18 19 2018-02-11 08:10:00.890223 ns-vip-pro.paris.inria.fr 192.168.43.72 DNS 338 Standard query response 0x42fb A 216.58.209.228
19 20 2018-02-11 08:10:00.890679 192.168.43.72 ns-vip-pro.paris.inria.fr DNS 75 Standard query 0xf38d A www.youtube.com

Step 2: Generate Statistics for Each Flow¶

A flow is defined as groups of packets that share the following attributes:

  • Source IP Address
  • Destination IP Address
  • Source Port
  • Destination Port
  • Time interval

The csv file we used in the past assignments do not have port numbers, so you can simply group on source and destination IP address.

For each flow in the packet trace, generate the following statistics for each flow:

  • Number of bytes
  • Number of packets
  • Duration (time)

Total Number of Flows¶

Count the total number of flows in this trace.

Number of Bytes¶

Count the total number of bytes for each flow in the trace.

Then, sort the flows by size, in bytes.

What do you notice about the large flows? What do they look like?

Number of Packets¶

Count the number of packets in each flow.

What do you notice about these flows? Are they similar to the largest flows by bytes? Which differ?

Duration¶

Compute the duration of each flow, by taking the time of the last packet and subtracting the time of the first, for each flow.
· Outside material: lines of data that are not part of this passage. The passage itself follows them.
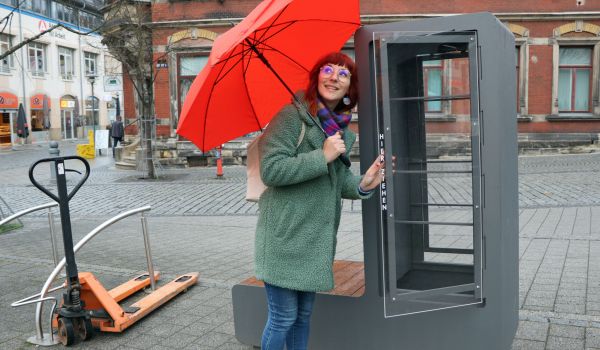 Ein Frau mit rotem Regenschirm steht vor einem Bücherschrank.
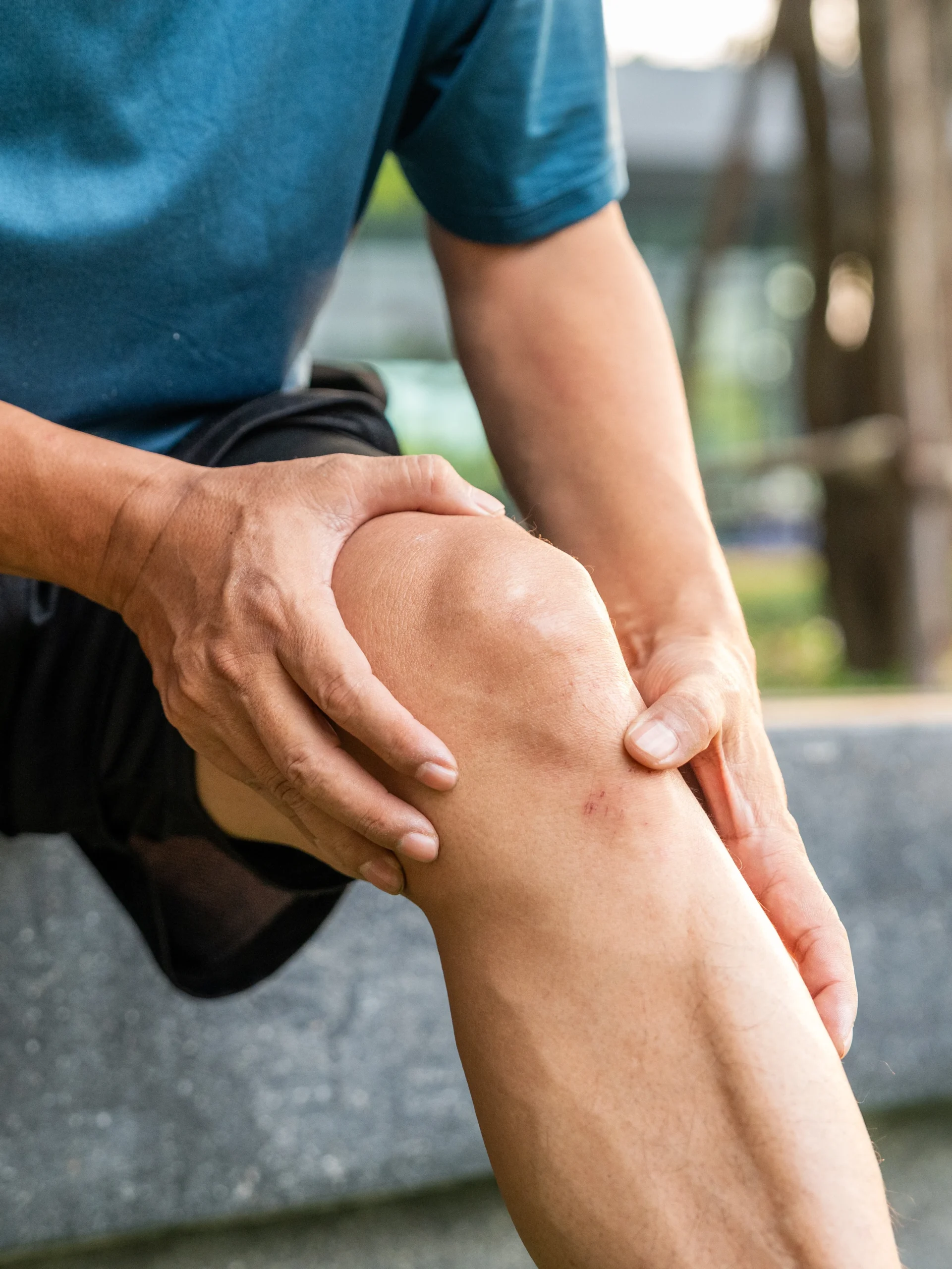 active adult with unwanted knee pain holding his knee when the pain flared up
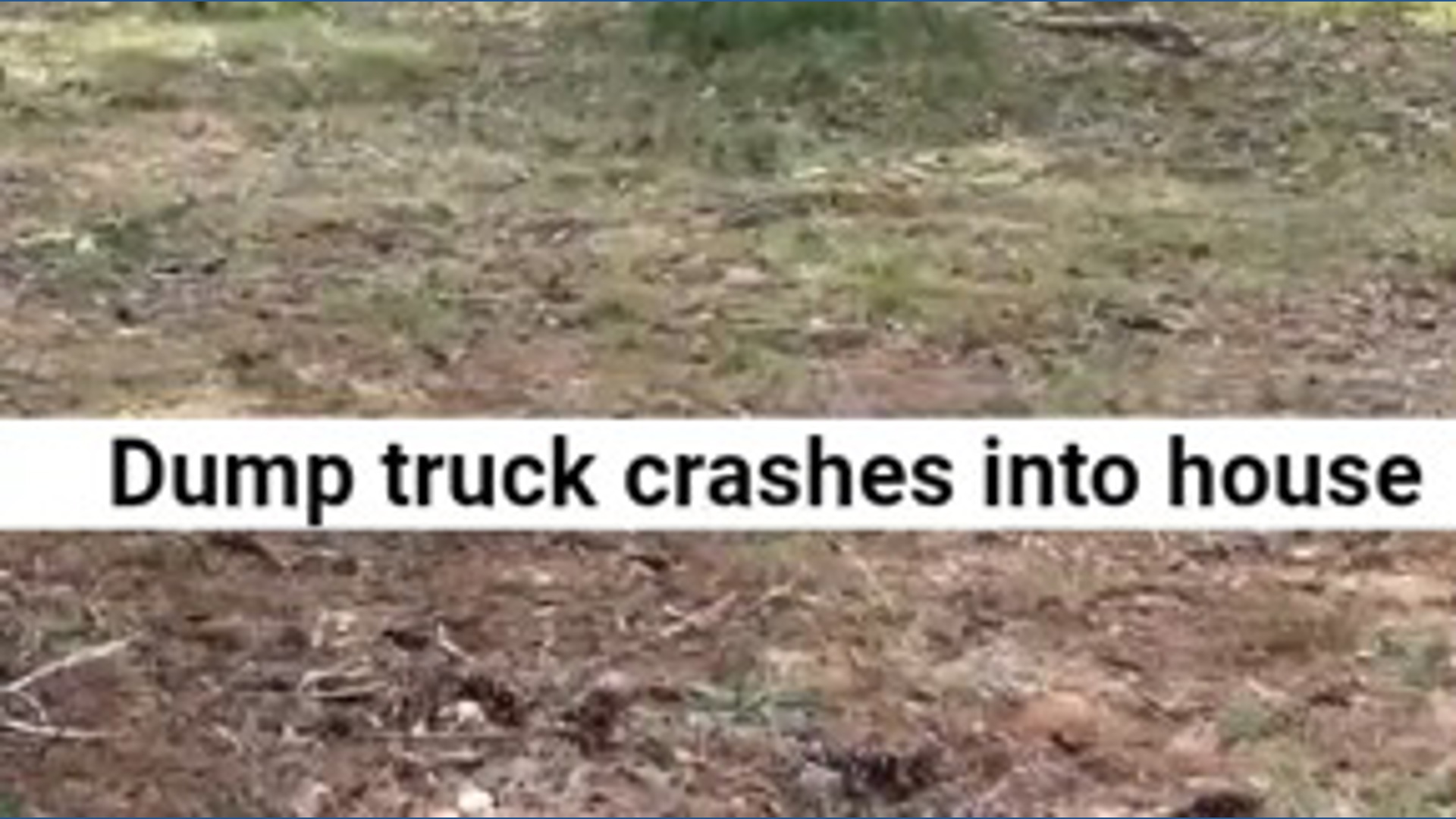 Dump truck crashes into house in Greensboro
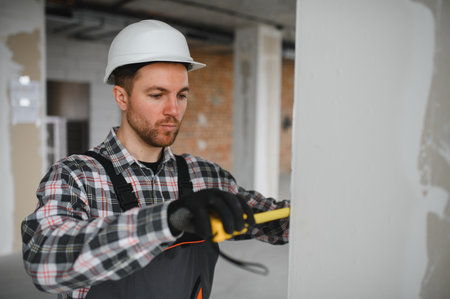 Builder wearing protective helmet and gloves using tape measure during renovation or construction workの写真素材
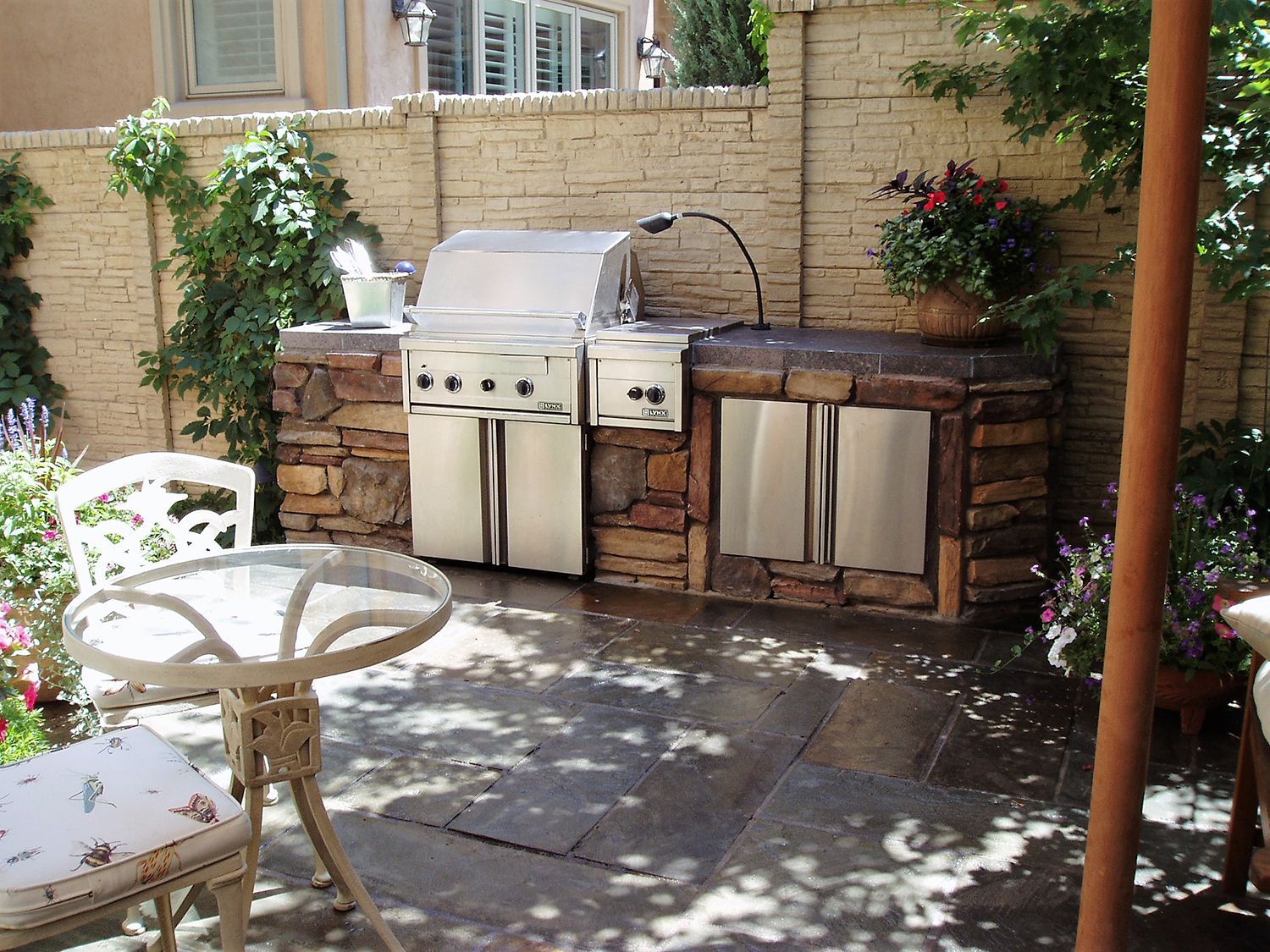 Outdoor kitchen with a built-in stainless steel grill, stone counters, and a small bistro table on a paved patio.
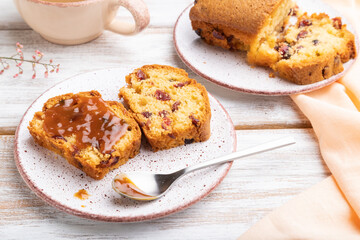 Homemade cake with raisins, almonds, soft caramel and a cup of coffee on a white wooden background. Side view, close up.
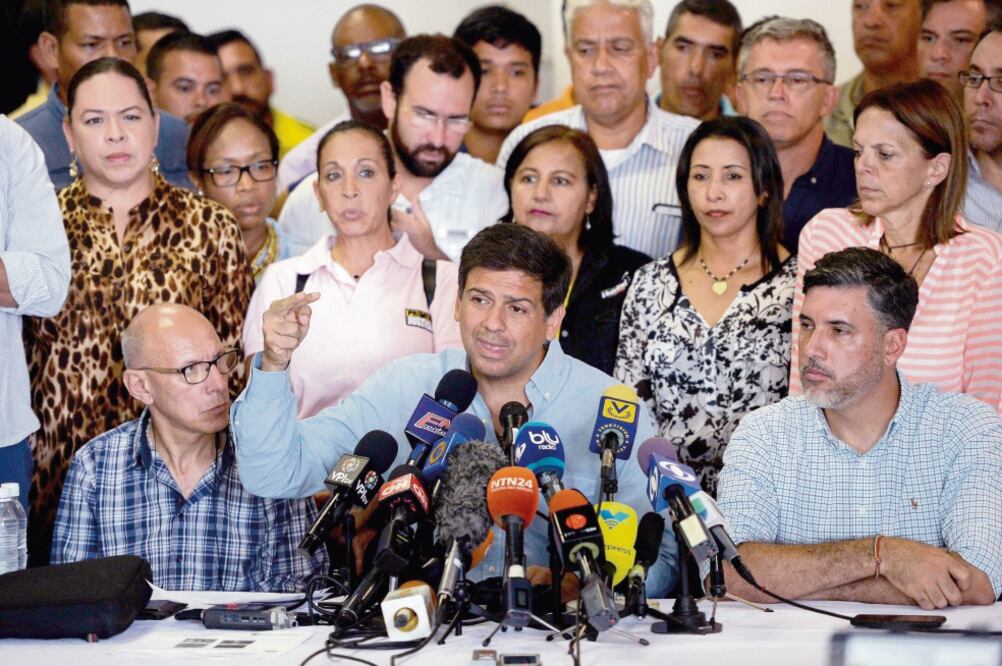 El candidato opositor para el estado de Miranda, Carlos Ocariz (centro), durante la conferencia de prensa en la que dijo que la MUD enfrentó “masificación del voto mú lt i ple” a favor del oficialismo, pero no presentó pruebas. (FEDERICO PARRA. AFP)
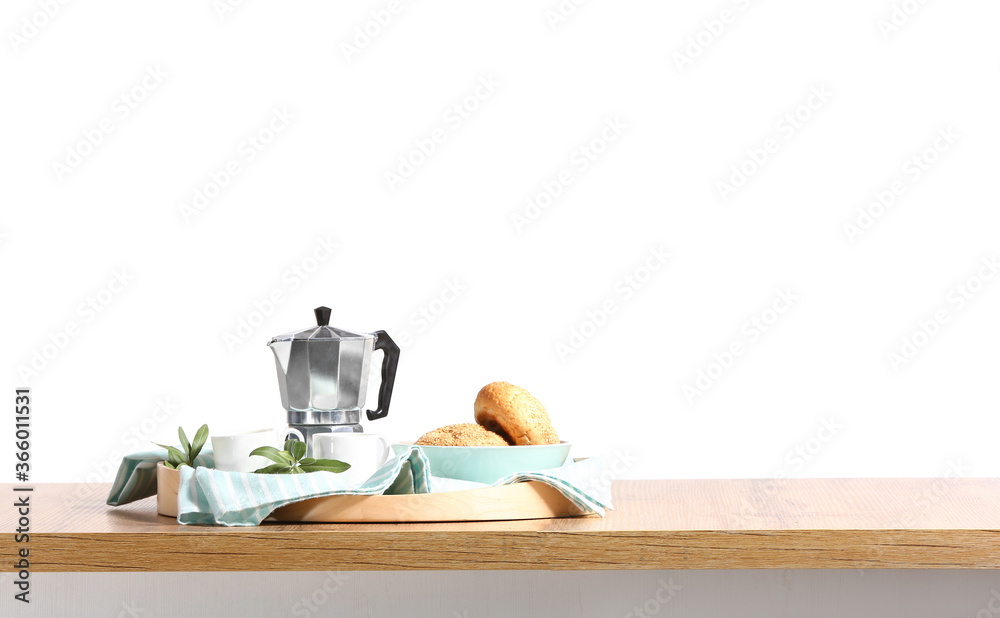 白色背景下，厨房桌子上有咖啡壶和面包的托盘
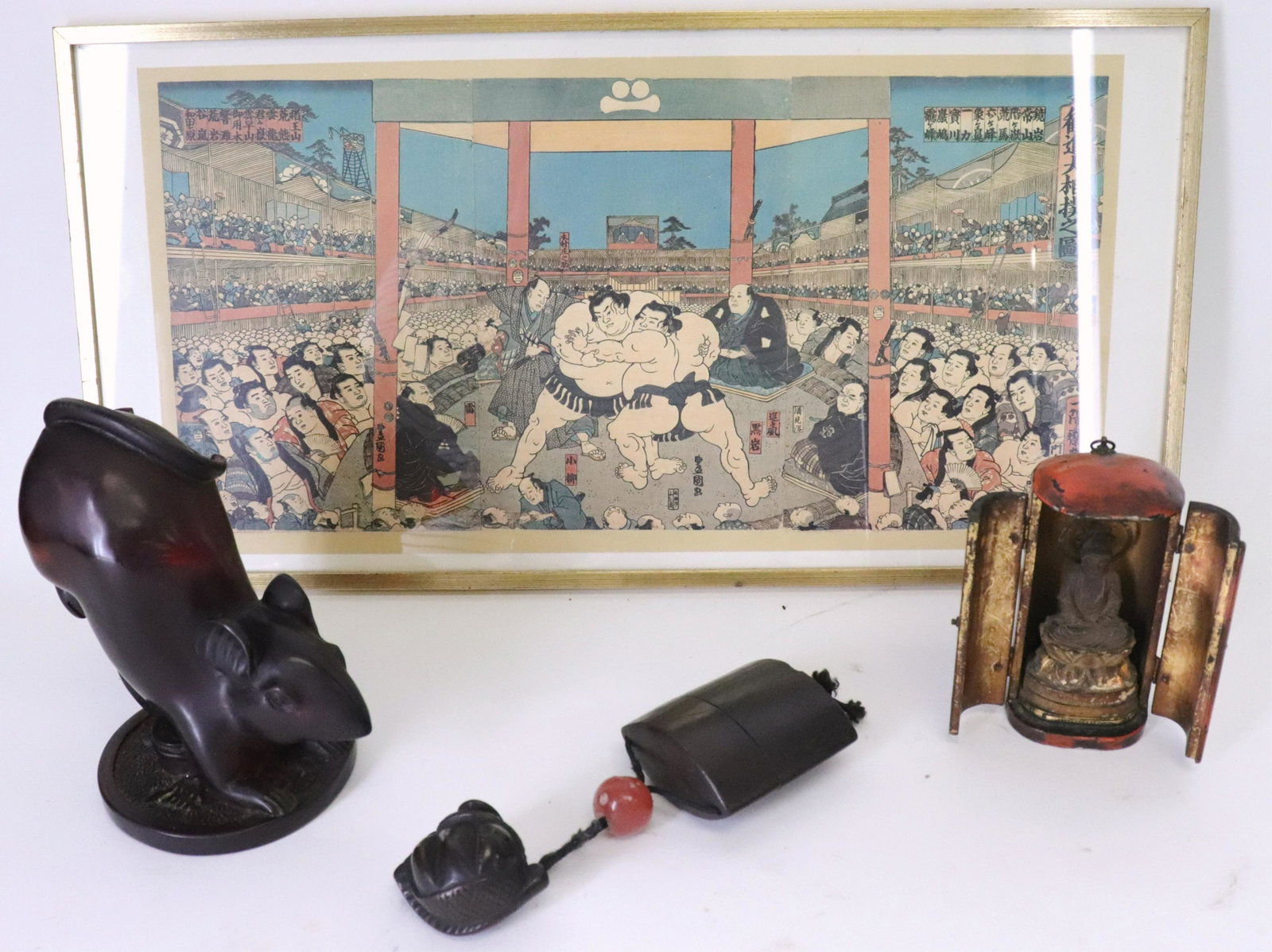 Chinese Carved Amber Rat and Japanese Items: Chinese Carved Amber Rat and Japanese Items. Lucky form of rat on gold ingots and coins. Offered along with small Japanese portable shrine box and simple inro with accompanying netsuke. Also included 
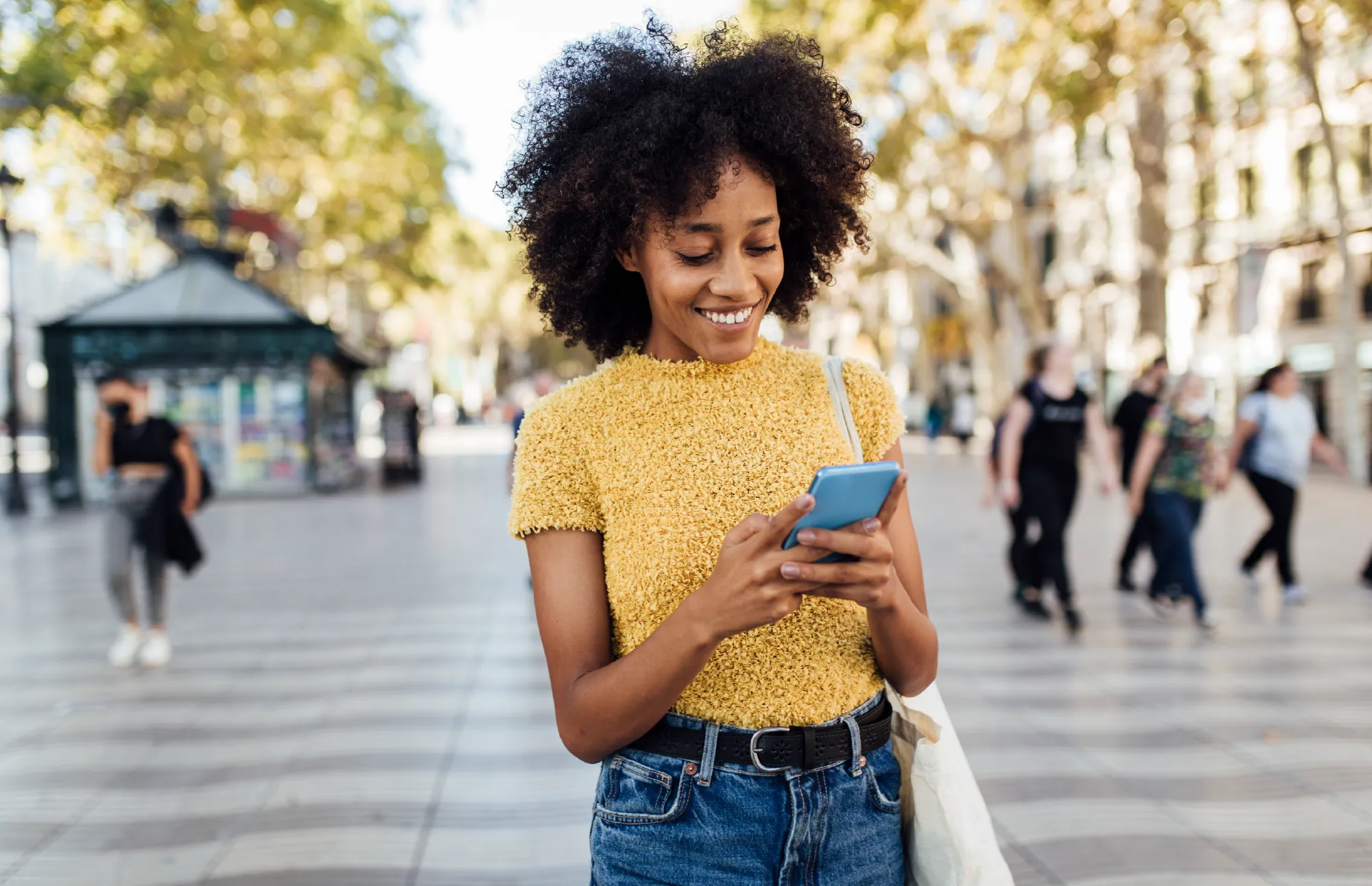 Woman smiling while using her phone outdoors on a city street.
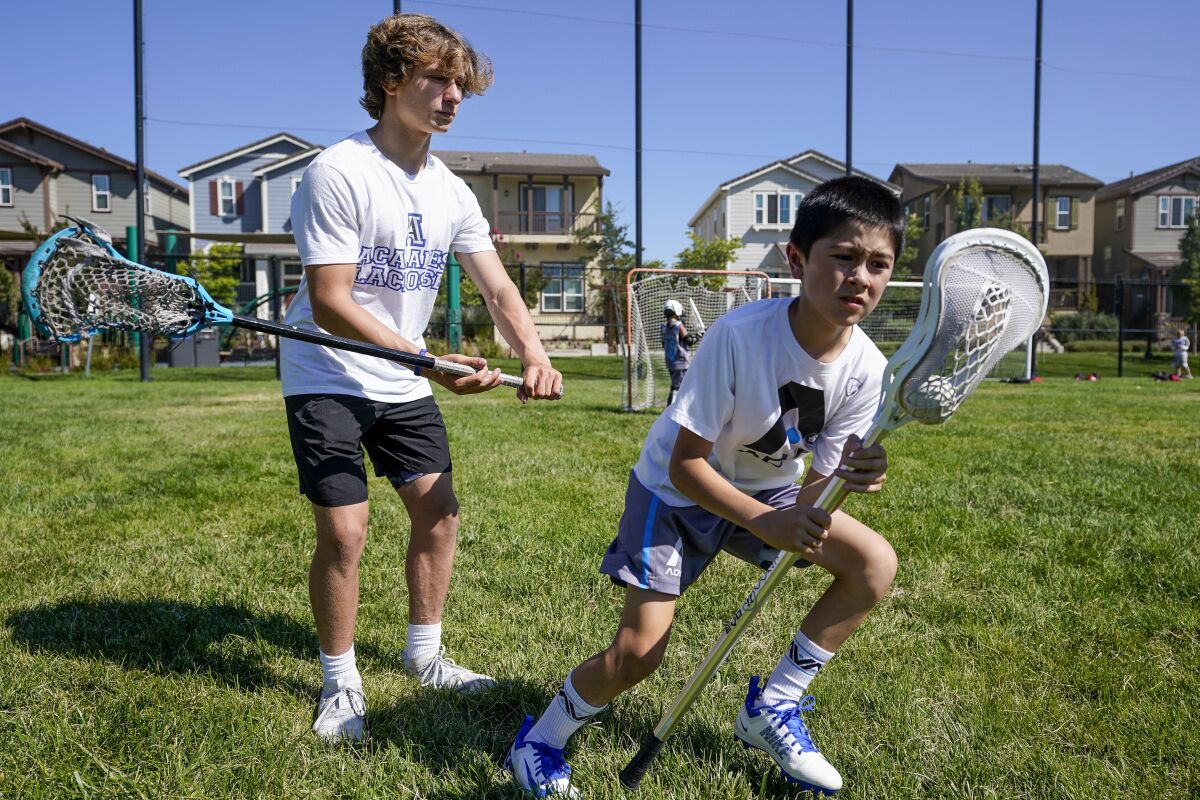 Zach Appel, right, Acalanes High School Varsity Lacrosse player, coaches 11-year-old Noah Shacklford on Tuesday, July 28, 2020 in Orinda, Calif. Zach and his friend Owen Estee have launched Lacrosse Against Hunger, to offer lacrosse coaching sessions to 7-14 year olds in exchange for a charitable donation to White Pony Express. All money raised goes directly to White Pony Express through Lacrosse Against Hunger's GoFundMe page. (AP Photo/Tony Avelar)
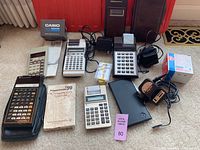 Photo showing the assortment of vintage calculators including TI Programmable 59, Canon Pocket Rider TP 10, Casio ML 90, TI 5025, and accessories such as chargers and carrying cases.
What are the longest flows in the trace?

Bytes and Packets Per Second¶

Compute the bytes per second and packets per second for each flow.

For a simple feature computation, compute the average bytes and packets per second for each flow, for the entire duration of the flow. If you want to get more clever or fancy, you can do "windowed averages", computing bytes or packets per second for shorter time intervals.

Note¶

Some of the libraries that we will use in this class, including the netml library from the University of Chicago, will compute these and other statistics automatically.

Thought Questions¶

  1. What are the largest flows in terms of: Number of bytes? Number of packets?

  2. What do you notice about the flow sizes and the directions of flows?

  3. What kinds of features are not available in packet summary statistics like those above which might be available in a raw packet trace? How might those features be useful for different packet classification problems?